At my age, kids were starting careers, negotiating wedding plans, hitting their strides. Needing Dad to run interference with Mom and my agent and my lawyers made me feel hopelessly stupid. But I couldn’t step up to the plate to take it on all alone. Wouldn’t.

The work in front of the camera was hard enough for me without going toe to toe with the industry sharks. Plus, I had bitter personal experience with all the ways a person could be victimized. Anyone, no matter who they were, or how old, or how smart, could become a grim Hollywood statistic.

“Aww. Don’t give me the sad face.” Molly sighed. “We’ve talked about this. You’re an introvert in an extrovert’s game. You fight your nature every time you get in front of a camera, and you persevere. It’s okay to let someone you trust fight some of your battles for you. It’s a goddamn travesty your mom couldn’t be trusted to do that.”

“Mom’s got her own stuff.”

“Stuff,” she muttered darkly. “Her stuff is bullshit.”

Molly had a point. Mom had race car drivers, bullfighters, the occasional South American soccer star. When she got bored with men, or hurt by them, she shopped.

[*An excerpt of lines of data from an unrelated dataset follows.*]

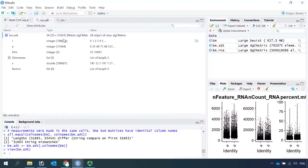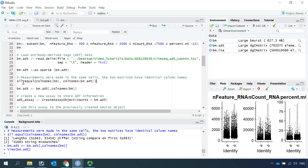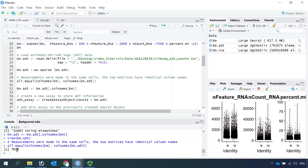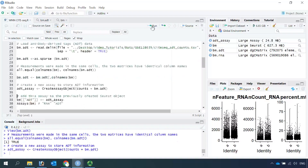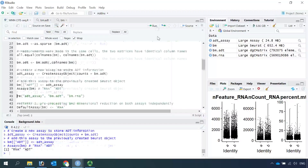If we look at the ADT dataset now, you can see we only have 31,683 cells — the same number as the RNA dataset. If we check the cell numbers between RNA and ADT again and run this code, now the answer is TRUE. We have the same number of cells in both datasets. Now we can create an assay object as ADT assay using the ADT matrix data, then add the ADT assay into the Seurat object.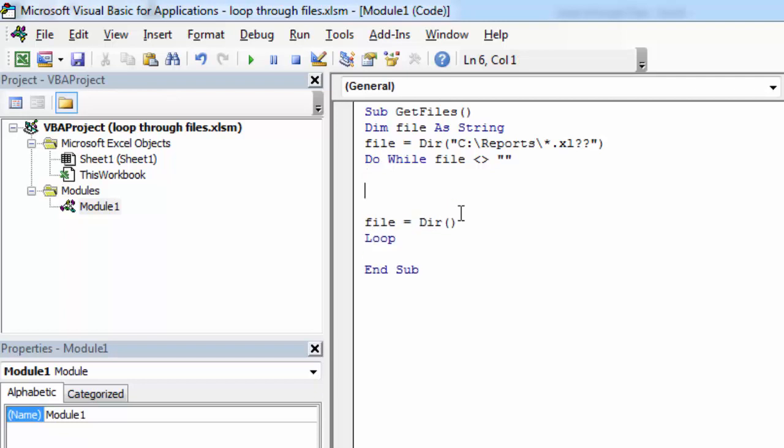So now we can insert these files into column A. To do this let's type cells, row. Let's create a new variable called row.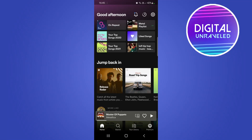What is up guys, welcome back to the channel. In this video I want to show you how you can see your Spotify pie chart — a pie chart of all your favorite genres and artists. This is going pretty viral on Twitter.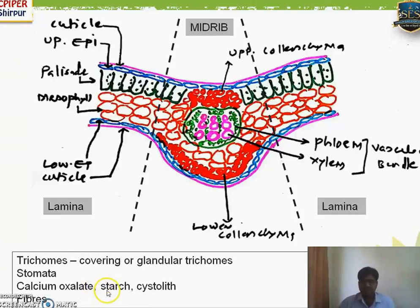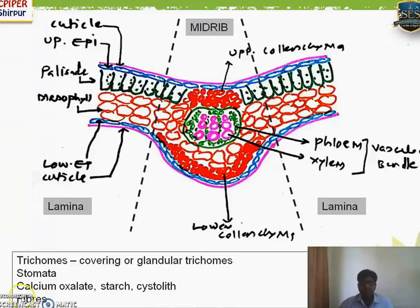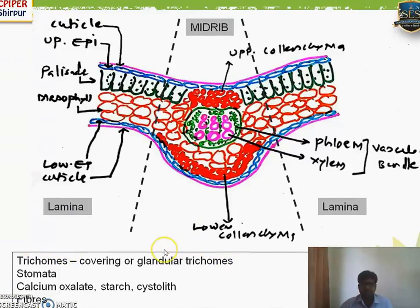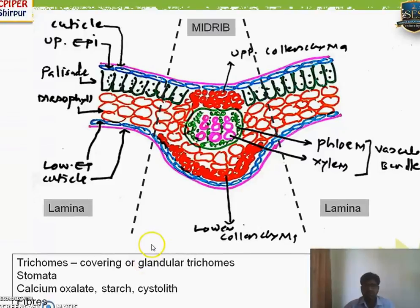Stomata, though simply showing an opening, have their own importance in surface preparation or powder characteristics for identification. Calcium oxalate crystals differ in size and shape. Cystoliths are cells showing the presence of calcium carbonate — that is again a distinguishing characteristic. Fibers, which may be pericyclic fibers or lignified fibers, may also be present. So in the general TS, different examples of plants differ by these various characteristics.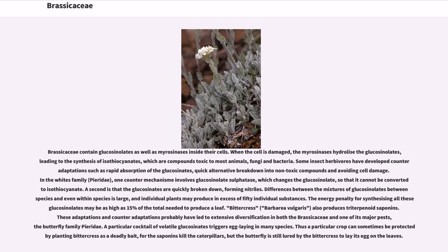Brassicaceae contain glucosinolates as well as myrosinases inside their cells. When the cell is damaged, the myrosinases hydrolyze the glucosinolates, leading to the synthesis of isothiocyanates, which are compounds toxic to most animals, fungi, and bacteria. Some insect herbivores have developed counter-adaptations such as rapid absorption of the glucosinolates, quick alternative breakdown into non-toxic compounds, and avoiding cell damage. In the Pieridae family, one counter-mechanism involves glucosinolate sulfatases, which change the glucosinolate so that it cannot be converted to isothiocyanate. A second mechanism is that the glucosinolates are quickly broken down forming nitriles. Differences between the mixtures of glucosinolates between species and even within species are large, and individual plants may produce in excess of 50 individual substances.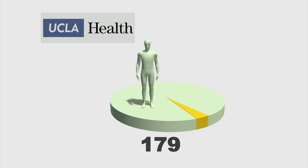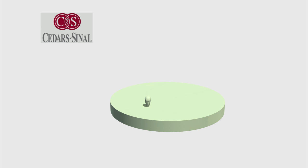The Ronald Reagan UCLA Medical Center reported that 179 patients may have been exposed to CRE. Seven patients were infected, contributing to two of their deaths.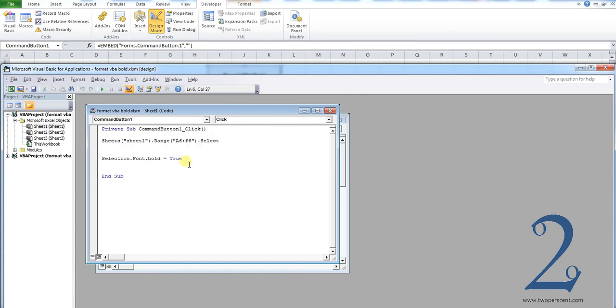The next line can be left alone: selection.font.bold equals true. That basically makes the text in those cells bold.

“On the other hand, she’s responsible for all this.” By which I meant my photogenic face.

Dad was a handsome man, but Mother’s turn at the genetic lottery wheel had yielded an extraordinary, ethereal mixture of fine bones; perfect, luminous skin; and unusual coloring that she’d passed straight on to me.

Pale hair, gray eyes, and skin that tanned if we were ever foolish enough to go out in the sun without sunblock. On a woman—on my mother—that kind of packaging was the stuff of Greek legends. On me…I’d been called a unicorn. I’d also been trophy hunted like one.

That was a subject I didn’t talk about to anyone except Dad and my lawyers. Ever.

Not even Molly knew how bad things had been.

We finished our breakfasts with the music of the birds and the sea as our soundtrack, and then it was time for the day to begin.

If I put on my shades, my AirPods, and my attitude like armor in preparation, no one really had to know why but me.

 

 

Chapter Three

 

 

Stone

 

Every time I found myself on a film shoot, I vowed I would never do it again. Hours passed in excruciating boredom while we waited for the few minutes my animals were needed. Then the director had them go through take after take. We invariably grew tense and frustrated.